The hearing of individuals of this species is also partially temperature dependent. Measures of auditory brainstem responses to determine auditory sensitivity have shown that both the auditory thresholds are higher and the latencies are longer at colder temperatures as compared to warmer temperatures for calls made at lower frequencies, but this difference in auditory sensitivity due to temperature was not found for higher frequency calls. This temperature-dependent change in auditory sensitivity indicates that while temperature changes can change auditory sensitivity around the best hearing range for females (lower frequency), they do not impact auditory sensitivity around the female-preferred frequency range (higher frequencies). Thus, these temperature-dependent changes might be adaptive for reproductive behavior in this species.

=== Glands and toxins ===
Bradykinin-related proteins (BRPs) have been isolated from the skin of individuals of A. torrentis. Bradykinin is a powerful endothelium-dependent vasodilator that induces a drop in blood pressure, and the contraction of the bronchi and smooth muscles in the ileum. Isolated BRPs from A. torrentis have been shown to have a contractive effect on the smooth muscle of rat ileum in the laboratory setting. BRPs are thought to play a role in defense against predators, as the contraction in the ileum may stimulate the gastrointestinal system of a predator to cause vomiting and other unpleasant reactions. This deters the predator from consuming members of A. torrentis again.

== Threats ==
=== Parasites ===
Individuals of these species suffer from parasitism from blood-sucking parasites like frog-biting midges. These midges are attracted to the acoustic signal given by male members of A. torrentis, which results in limb movements to defend against these parasites. The limb movements include toe trembling, hind foot lifting, arm waving, limb shaking, wiping, leg stretching, and foot flagging. These movements may also be incorporated into a sexual display, as males that display these parasite defensive limb movements are perceived as more attractive by female members of the species.
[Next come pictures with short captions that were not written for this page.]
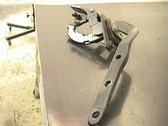 Tailgate/trunk/boot hinge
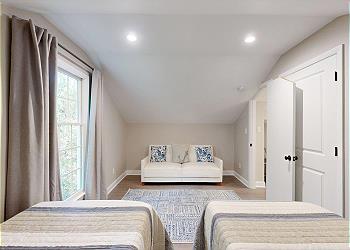 Guest Bedroom with Daybed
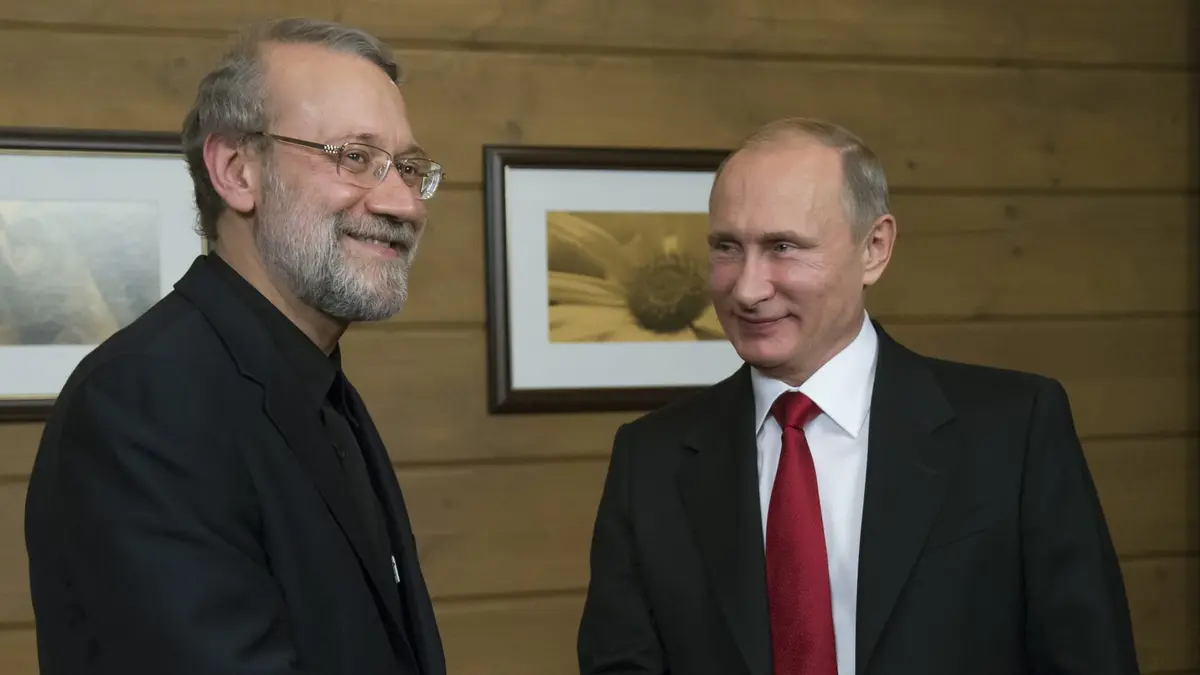 لقاء "غير معلن عنه مسبقًا" بين علي لاريجاني وبوتين وسط تصاعد التوترات مع أمريكا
This species also suffers from parasitism from nematodes. Nematodes from the family Acuariidae have been found as stomach cysts in museum samples from this species.

== Conservation ==
A. torrentis is listed as vulnerable by the IUCN, as last assessed in 2019. It was given this classification because its area range is only 15,838 km^2 in Hainan. Its habitat in Hainan is declining in terms of the extent and quality. Identified threats to the species include annual and perennial non-wood crops, wood and pulp plantations, logging and wood harvesting, dams and water management, and agricultural and forestry effluents. Previously, it had been a concern that the construction of hydroelectric plants in Hainan would pose a threat to A. torrentis. However, this concern has been alleviated by the fact that the construction of these plants has occurred and no new plants are planned, and no major damage to the species population has been observed.

=== Habitat Loss ===
In particular, an increase in the number of rubber plantations, banana plantations, and areca crops are decreasing the size of the forest habitat for A. torrentis. This also polluting the habitat with herbicides and pesticides. Such habitat loss is particularly concerning because A. torrentis is only found on the island of Hainan.

=== Conservation Efforts ===
To combat the threat of habitat loss, A. torrentis is present in several protected areas in Hainan, including nature reserves and forest parks. In addition, it is also on the "List of Beneficial or of Important Economic or Scientific Value Terrestrial Wild Animals under States Protection", which is under the protection of the "Law of the People's Republic of China on the Protection of Wildlife". Its inclusion in these lists provide a degree of protection to the species through illegalizing their collection.